Back then, I remember the air of celebration on the Ibrox fan sites.

I remember a kind of general acceptance that they would win the following title and build foundations to win the next couple of them. They were joyous, and apparently with every reason to be.

Yet even then, with Howe knocking us back, a lot of us were preaching the value of the fundamentals. One of the reasons that we turned around on Ange so readily, and easily, was that we grasped a number of truths which the media were determined to ignore.

Last season, I thought back to the Scottish Cup semi-final of 2016, and the piece I wrote directly in the aftermath of the game.

Let’s take a step back and recall that time.

Mark Warburton was the Ibrox manager, and he was being touted as the next big thing in English football. He had assembled a team of lower league English players, and was seen as progressive and a coach who valued attacking football.

Is all this sounding familiar?

They beat us in the Scottish Cup semi-final and were on their way to the SPFL and you could not find one of them who wasn’t supremely confident that Celtic were there for the taking.

Ronny Deila then announced that he would not be at Celtic Park when the next campaign kicked off, and that had a seismic impact on our club and everyone in it.

I was writing a blog, at the time, called On Fields Of Green and the piece that I wrote was entitled The Storm Before The Calm.

It told the story of how the Roman senators who murdered Caesar presumed they understood the people and the climate. When they heard that Caesar had named his nephew Octavian, 18 years old, in his will as his successor and not, as many had presumed, his close friend Marc Anthony, they took it for granted that they were in the ascendency.

But Anthony gave a funeral speech that named them murderers and sent them fleeing, and after a spell where he and Octavian duked it out over who would claim leadership of the Caesarean party, or the populares as they were known at the time, they made their peace, formed the Second Triumvate and set about avenging his death and securing total power in the state.

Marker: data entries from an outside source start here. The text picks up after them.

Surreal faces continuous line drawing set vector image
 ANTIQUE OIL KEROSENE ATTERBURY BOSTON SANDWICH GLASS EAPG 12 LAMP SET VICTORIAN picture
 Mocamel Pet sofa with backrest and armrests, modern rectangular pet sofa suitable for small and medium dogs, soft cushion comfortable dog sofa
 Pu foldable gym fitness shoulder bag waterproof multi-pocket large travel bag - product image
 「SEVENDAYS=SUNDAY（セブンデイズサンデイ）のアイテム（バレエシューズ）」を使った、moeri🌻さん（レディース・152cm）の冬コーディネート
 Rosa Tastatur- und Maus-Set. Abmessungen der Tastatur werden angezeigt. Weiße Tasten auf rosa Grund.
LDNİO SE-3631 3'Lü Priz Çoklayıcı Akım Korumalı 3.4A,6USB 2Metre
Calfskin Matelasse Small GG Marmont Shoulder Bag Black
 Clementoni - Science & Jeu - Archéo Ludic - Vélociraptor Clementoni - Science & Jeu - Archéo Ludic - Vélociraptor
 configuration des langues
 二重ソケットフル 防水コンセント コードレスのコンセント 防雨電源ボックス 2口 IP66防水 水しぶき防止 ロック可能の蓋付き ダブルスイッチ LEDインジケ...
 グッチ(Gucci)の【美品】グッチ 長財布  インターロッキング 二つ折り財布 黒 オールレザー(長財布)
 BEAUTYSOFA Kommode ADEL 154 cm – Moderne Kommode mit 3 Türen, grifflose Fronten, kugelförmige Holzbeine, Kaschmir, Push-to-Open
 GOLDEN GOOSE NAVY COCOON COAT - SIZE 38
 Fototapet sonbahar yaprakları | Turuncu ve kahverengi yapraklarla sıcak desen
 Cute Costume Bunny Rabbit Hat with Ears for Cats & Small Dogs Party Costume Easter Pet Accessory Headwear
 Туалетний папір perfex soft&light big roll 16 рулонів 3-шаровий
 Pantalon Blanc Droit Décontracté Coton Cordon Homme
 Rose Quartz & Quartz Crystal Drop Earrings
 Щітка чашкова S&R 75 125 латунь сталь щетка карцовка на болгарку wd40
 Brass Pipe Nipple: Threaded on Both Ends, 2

Within a short time, every single one of the assassins was dead.

I ended that article with the famous quote from Yamamoto, following the attack on Pearl Harbour; “I fear all that we have done is awake a sleeping giant and fill him with a terrible resolve.”

I thought that cup semi-final defeat would shake us awake … and it did.

I revisited that article, and republished it almost verbatim, in February 2022, in a piece called “Our Enemies Celebrated Our Summer, But It Was The Storm Before The Calm.”

It was written shortly after we had gone top of the league by winning the big match at home.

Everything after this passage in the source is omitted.